Problem:
Pictures stay out of the output. Return exactly the lines below from the one with "The next step" down to the one with "Now let's do", both included, and nothing more.

Supplied data:
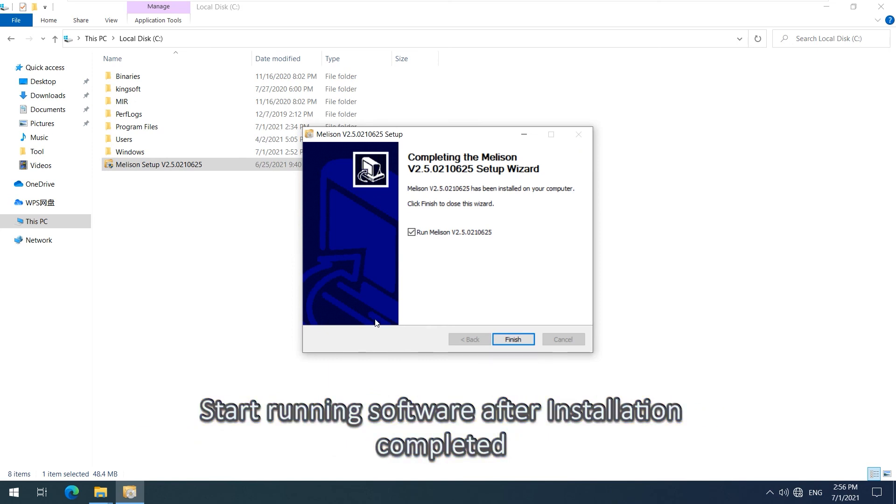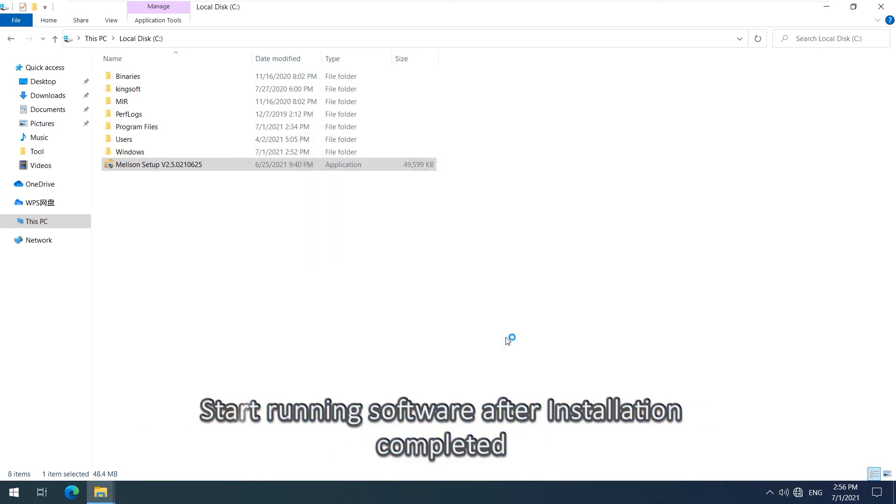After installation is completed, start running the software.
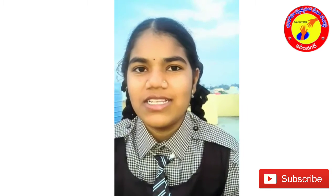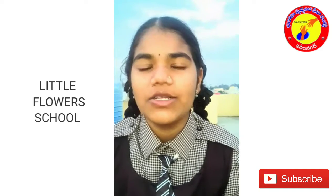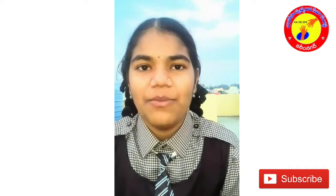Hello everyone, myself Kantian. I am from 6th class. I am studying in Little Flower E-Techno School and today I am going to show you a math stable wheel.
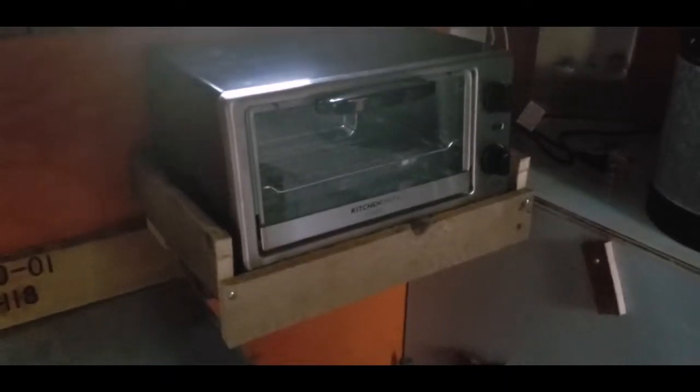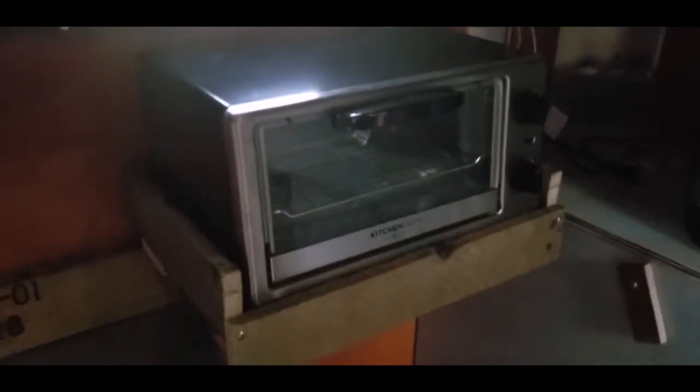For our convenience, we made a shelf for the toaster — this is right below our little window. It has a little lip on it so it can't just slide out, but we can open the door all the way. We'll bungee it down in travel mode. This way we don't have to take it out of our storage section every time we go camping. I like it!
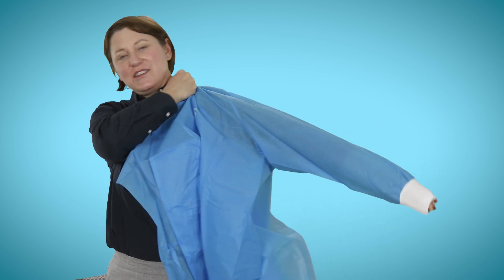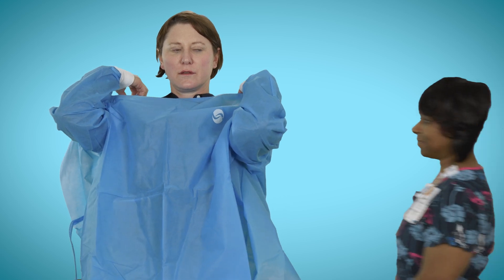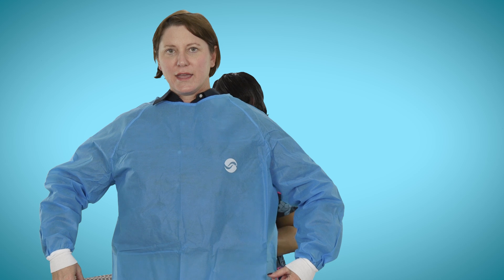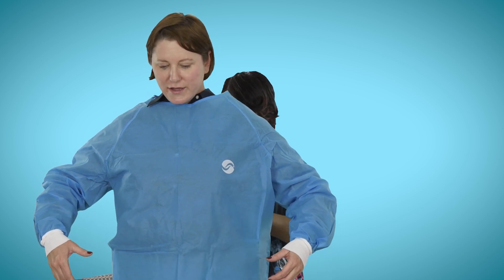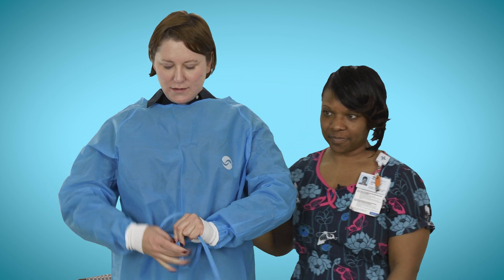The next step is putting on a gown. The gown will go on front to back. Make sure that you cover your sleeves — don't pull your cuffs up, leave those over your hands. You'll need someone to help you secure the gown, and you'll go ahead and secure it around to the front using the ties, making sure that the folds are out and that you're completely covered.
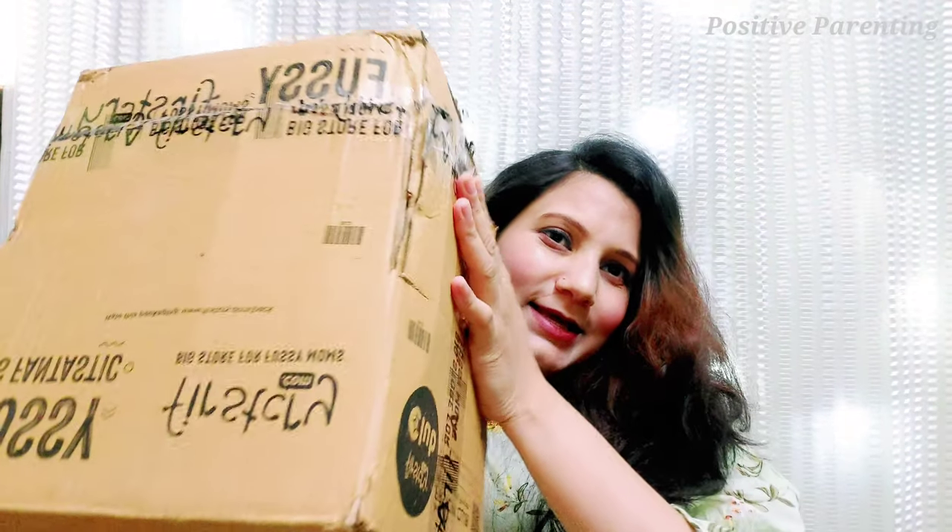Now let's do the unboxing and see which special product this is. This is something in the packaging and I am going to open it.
--
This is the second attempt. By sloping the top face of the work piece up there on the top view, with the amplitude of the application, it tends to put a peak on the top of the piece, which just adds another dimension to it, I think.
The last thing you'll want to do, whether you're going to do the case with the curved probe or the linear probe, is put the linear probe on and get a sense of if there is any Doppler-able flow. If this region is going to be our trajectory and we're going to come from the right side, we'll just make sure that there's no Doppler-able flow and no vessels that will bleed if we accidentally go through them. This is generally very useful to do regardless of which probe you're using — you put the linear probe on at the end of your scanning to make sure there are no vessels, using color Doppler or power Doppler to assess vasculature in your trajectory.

Written solution:
The next step is putting on a gown. The gown will go on front to back. Make sure that you cover your sleeves — don't pull your cuffs up, leave those over your hands. You'll need someone to help you secure the gown, and you'll go ahead and secure it around to the front using the ties, making sure that the folds are out and that you're completely covered.
Now let's do the unboxing and see which special product this is. This is something in the packaging and I am going to open it.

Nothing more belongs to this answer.